═══ DATA FOR ANALYSIS ═══

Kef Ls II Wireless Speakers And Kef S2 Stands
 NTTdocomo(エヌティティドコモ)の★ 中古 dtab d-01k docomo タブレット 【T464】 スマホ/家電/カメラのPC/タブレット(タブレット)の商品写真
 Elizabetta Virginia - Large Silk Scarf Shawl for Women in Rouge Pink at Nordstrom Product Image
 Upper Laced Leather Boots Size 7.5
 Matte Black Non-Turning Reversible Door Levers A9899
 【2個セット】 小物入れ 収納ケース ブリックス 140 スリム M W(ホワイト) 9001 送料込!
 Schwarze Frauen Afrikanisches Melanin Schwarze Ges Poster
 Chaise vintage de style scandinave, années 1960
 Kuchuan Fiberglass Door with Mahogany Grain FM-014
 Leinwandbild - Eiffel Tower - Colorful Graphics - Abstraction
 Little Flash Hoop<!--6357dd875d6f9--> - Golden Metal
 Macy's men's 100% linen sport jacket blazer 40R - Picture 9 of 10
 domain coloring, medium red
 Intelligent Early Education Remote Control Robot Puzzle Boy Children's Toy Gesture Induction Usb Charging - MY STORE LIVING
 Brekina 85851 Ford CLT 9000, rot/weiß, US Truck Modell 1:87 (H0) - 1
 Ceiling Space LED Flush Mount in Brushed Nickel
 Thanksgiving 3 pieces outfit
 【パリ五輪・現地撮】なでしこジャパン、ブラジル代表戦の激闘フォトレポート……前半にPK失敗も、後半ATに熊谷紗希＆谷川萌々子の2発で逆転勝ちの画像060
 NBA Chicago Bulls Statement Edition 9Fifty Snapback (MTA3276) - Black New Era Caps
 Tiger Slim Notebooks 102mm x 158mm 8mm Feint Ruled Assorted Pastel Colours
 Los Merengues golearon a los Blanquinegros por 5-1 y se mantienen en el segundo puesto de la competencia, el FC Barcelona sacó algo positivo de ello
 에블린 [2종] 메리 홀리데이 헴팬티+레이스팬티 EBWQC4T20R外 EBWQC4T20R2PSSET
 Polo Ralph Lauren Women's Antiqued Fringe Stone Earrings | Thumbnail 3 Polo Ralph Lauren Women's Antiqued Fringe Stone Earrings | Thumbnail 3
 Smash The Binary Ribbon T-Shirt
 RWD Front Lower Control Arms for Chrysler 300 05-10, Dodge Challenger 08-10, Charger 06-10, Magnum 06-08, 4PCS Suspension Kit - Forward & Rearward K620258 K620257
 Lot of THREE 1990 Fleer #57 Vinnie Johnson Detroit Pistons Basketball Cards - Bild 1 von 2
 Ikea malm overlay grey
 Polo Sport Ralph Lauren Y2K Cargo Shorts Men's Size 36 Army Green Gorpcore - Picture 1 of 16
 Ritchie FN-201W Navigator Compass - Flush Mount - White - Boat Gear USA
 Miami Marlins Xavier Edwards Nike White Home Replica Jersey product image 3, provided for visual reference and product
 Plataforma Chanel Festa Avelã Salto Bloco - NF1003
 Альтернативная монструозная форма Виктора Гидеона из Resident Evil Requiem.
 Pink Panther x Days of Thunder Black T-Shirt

═══

#### ACTIVITY
If a line in the entries above contains "Flush", it counts toward the total; give only that total.

#### TASK RESULT
2